▸ **Your assignment**
Pictures aside, quote the whole listing exactly.

▸ **Data for this exercise**
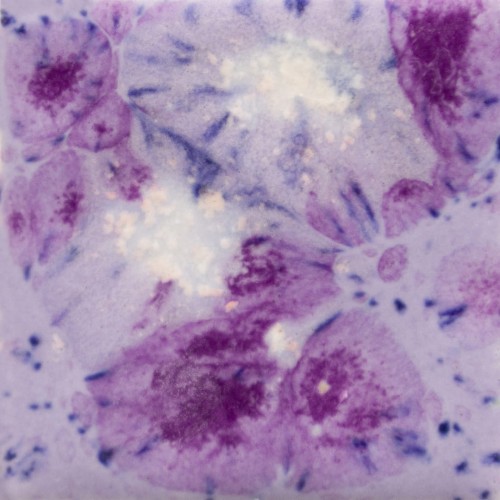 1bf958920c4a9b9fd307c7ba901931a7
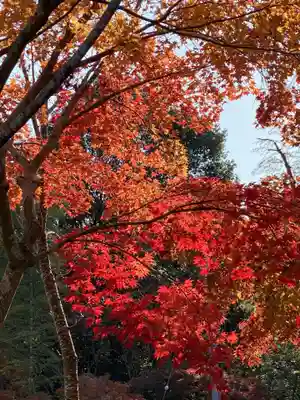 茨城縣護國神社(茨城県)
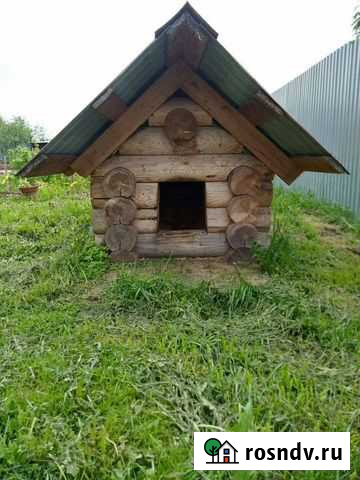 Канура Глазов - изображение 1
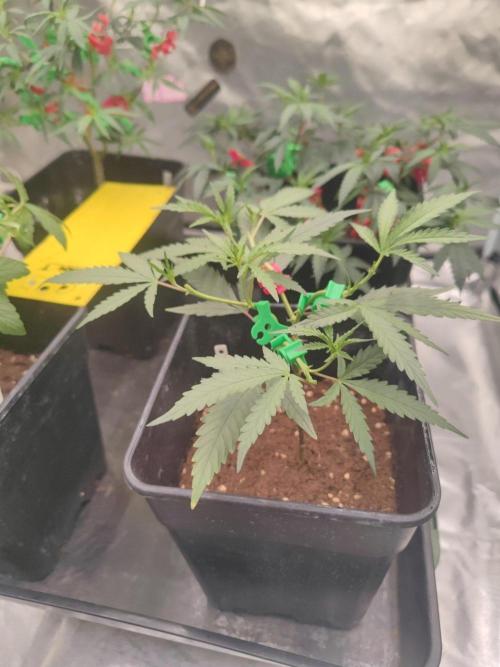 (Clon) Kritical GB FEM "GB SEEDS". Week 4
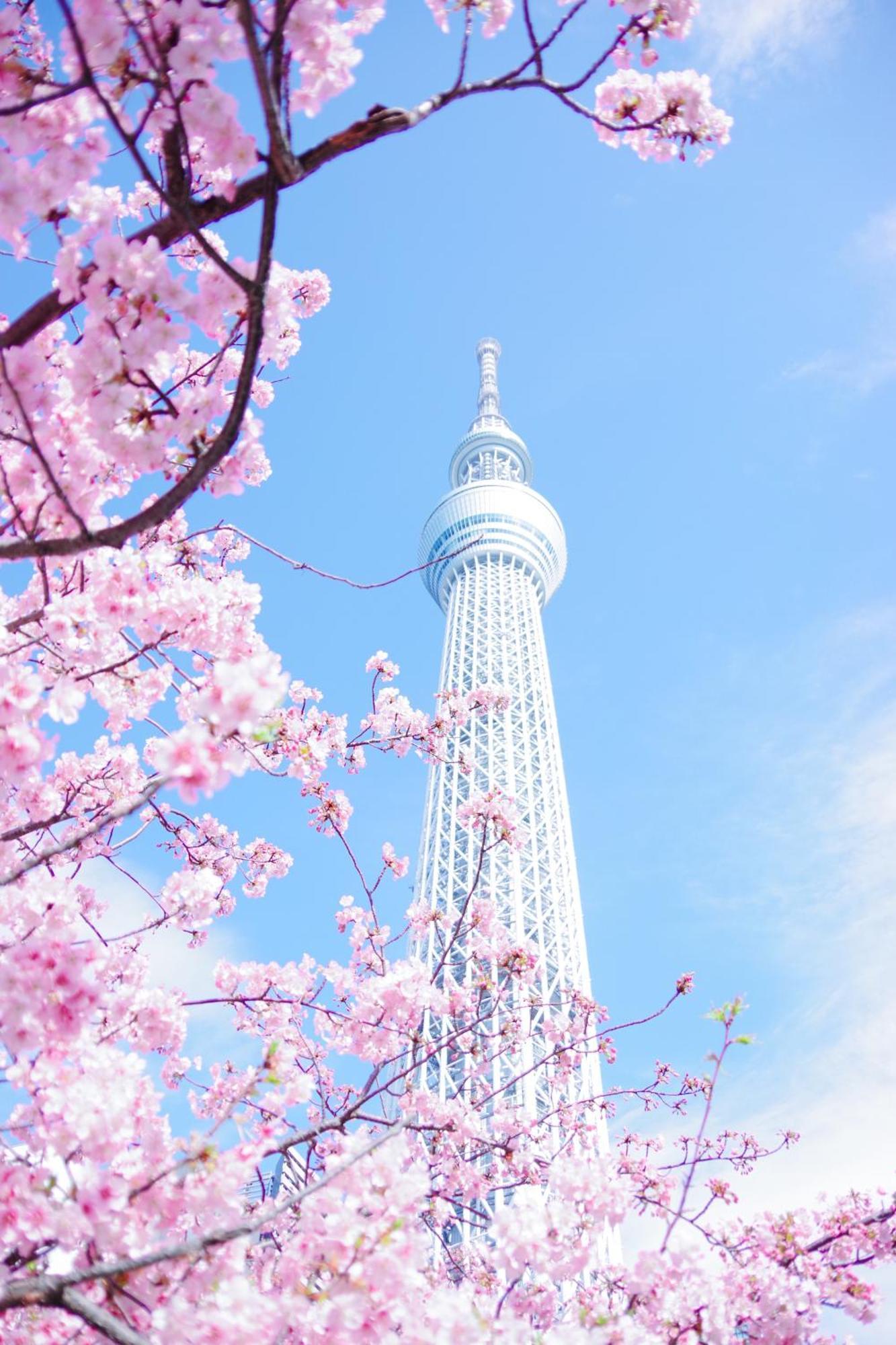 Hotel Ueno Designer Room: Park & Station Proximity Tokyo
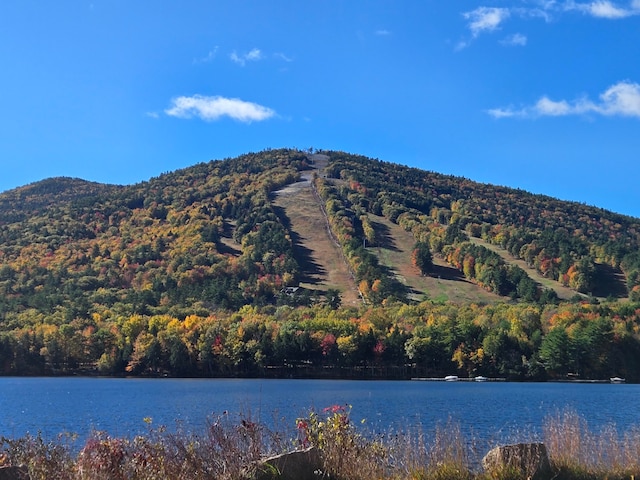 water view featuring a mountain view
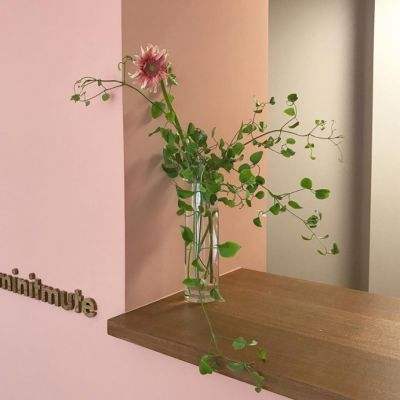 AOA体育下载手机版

▸ **Exercise solution**
 1bf958920c4a9b9fd307c7ba901931a7
 茨城縣護國神社(茨城県)
 Канура Глазов - изображение 1
 (Clon) Kritical GB FEM "GB SEEDS". Week 4
 Hotel Ueno Designer Room: Park & Station Proximity Tokyo
 water view featuring a mountain view
 AOA体育下载手机版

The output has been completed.